La segunda tradición de frases sobre el niño ha conservado probablemente su forma más arcaica en Lc 9,47 + 48b (48a es una ampliación redaccional que inserta una frase dicha originalmente en otro contexto). Aquí se trata ante todo de una problemática eclesiológica ("quien es el mayor"). Por eso el niño es un símbolo claro de carencia de poder, de fuerza y de autoridad; es el prototipo de la humildad y del servicio. Pero también este principio eclesiológico tiene un fundamento cristológico —así lo demuestran los desarrollos paralelos de este tema en Lc 22,24-27 y en Jn 13,1-20, colocados ambos significativamente en el contexto de la última cena , ya que la razón última de por qué en la Iglesia el más pequeño es el más grande consiste en el hecho de que el plan divino hace pasar el camino de la salvación a través de la humillación del Hijo hasta la posición de siervo crucificado. Por tanto, la tradición que insertó en la perícopa lucana y marciana la frase: "El que acoge a este niño en mi nombre me acoge a mí, y el que me acoge a mí acoge al que me ha enviado" (Le 9,48a; Mc 9,37), explicitó una teología perfectamente coherente. La referencia a la teología del siervo, subyacente en esta tradición, hace menos central la figura del niño de lo que era en la otra tradición anteriormente examinada. Aquí el niño es una simple imagen provocativa, una especie de símbolo más; pero la clave para la determinación de las funciones eclesiales justas no se sigue tanto de la comprensión de la condición naturaldel niño (como en el caso anterior), sino más bien de aquella posición en que el adulto Jesús se situó en obediencia a Dios, asumiendo la configuración del siervo que da su vida. Puede encontrarse una confirmación indirecta de esta interpretación en el hecho de que, especialmente en la redacción de Mateo, viene enseguida un deslizamiento conceptual y terminológico desde el niño (paidíon) al pequeño (mikrós, o neóteros en Lc 22,26).

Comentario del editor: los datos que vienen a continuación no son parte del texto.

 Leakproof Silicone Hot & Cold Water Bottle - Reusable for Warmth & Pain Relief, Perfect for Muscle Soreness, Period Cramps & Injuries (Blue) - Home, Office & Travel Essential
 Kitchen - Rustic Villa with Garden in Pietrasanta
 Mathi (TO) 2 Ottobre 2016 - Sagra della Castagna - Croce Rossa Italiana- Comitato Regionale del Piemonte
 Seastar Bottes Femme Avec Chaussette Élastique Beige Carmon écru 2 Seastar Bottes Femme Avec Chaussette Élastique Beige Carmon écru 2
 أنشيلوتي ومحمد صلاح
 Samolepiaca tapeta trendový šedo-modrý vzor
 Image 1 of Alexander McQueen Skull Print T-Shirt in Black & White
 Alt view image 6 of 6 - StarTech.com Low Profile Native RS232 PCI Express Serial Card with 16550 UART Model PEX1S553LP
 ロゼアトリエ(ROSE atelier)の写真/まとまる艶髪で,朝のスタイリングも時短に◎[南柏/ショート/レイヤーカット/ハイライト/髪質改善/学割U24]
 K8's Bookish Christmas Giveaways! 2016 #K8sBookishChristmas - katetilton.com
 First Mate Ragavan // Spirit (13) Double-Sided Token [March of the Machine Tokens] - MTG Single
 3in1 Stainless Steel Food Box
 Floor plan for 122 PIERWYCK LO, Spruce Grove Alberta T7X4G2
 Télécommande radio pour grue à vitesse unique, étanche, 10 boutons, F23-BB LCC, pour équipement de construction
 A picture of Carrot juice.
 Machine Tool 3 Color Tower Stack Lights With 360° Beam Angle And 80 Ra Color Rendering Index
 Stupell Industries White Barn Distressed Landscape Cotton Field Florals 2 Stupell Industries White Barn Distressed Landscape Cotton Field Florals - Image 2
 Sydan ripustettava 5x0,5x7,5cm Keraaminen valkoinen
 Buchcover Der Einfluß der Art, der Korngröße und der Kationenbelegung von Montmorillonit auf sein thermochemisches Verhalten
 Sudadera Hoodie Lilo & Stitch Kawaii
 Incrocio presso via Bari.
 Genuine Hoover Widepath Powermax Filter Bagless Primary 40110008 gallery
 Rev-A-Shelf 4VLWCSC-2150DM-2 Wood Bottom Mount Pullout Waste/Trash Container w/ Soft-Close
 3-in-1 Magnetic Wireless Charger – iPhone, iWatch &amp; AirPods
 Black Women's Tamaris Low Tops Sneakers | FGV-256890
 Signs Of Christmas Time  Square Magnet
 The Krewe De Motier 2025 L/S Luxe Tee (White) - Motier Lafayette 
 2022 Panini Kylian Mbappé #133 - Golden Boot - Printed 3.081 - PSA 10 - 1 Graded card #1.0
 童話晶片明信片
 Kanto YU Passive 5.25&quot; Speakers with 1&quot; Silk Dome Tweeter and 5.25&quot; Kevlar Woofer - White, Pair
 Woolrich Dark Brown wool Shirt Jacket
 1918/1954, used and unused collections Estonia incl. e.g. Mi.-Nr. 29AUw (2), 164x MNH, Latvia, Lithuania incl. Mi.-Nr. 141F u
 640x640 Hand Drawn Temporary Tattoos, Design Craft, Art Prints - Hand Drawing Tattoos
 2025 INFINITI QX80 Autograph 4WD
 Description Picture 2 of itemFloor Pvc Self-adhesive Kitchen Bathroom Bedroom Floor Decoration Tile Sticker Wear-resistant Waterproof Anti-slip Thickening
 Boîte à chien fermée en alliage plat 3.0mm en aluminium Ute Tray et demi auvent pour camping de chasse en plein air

Para intentar una síntesis de lo que quería decir Jesús a sus discípulos sirviéndose de la figura del niño, aunque el procedimiento no parezca rigurosamente exegético, podríamos partir del gesto de Jesús de "tomar a un niño y ponerlo a su lado" (cf Lc 9,47). Visualmente tenemos así la contraposición entre Jesús y el niño por un lado y los adultos por otro. Ninguno de esos adultos —aunque, como se ha dicho, no se infravalore el valor de un niño—, desea volver a serlo. El adulto está orgulloso de serlo, y justamente se niega a volver a la condición infantil. Se negaría también a seguir a Jesús si éste no se le presentase como fuerte y señor de sí mismo, como más adulto que él. Pues bien, Jesús se pone de parte del niño y exige que se haga lo mismo. En este gesto desconcertante traduce visiblemente la necesidad de negarse a sí mismo, de renunciar a toda autosuficiencia y autorregulación (en el sentido paulino de la palabra), e invita al hombre a una conversión radical y a una obediencia ilimitada al plan salvífico de Dios. Cuando la tradición sinóptica elaboró este cuadro en el que Jesús y un niño están frente a los adultos, creó un equivalente visual de la teología paulina de la salvación mediante la fe en la bondad gratuita de Dios que justifica.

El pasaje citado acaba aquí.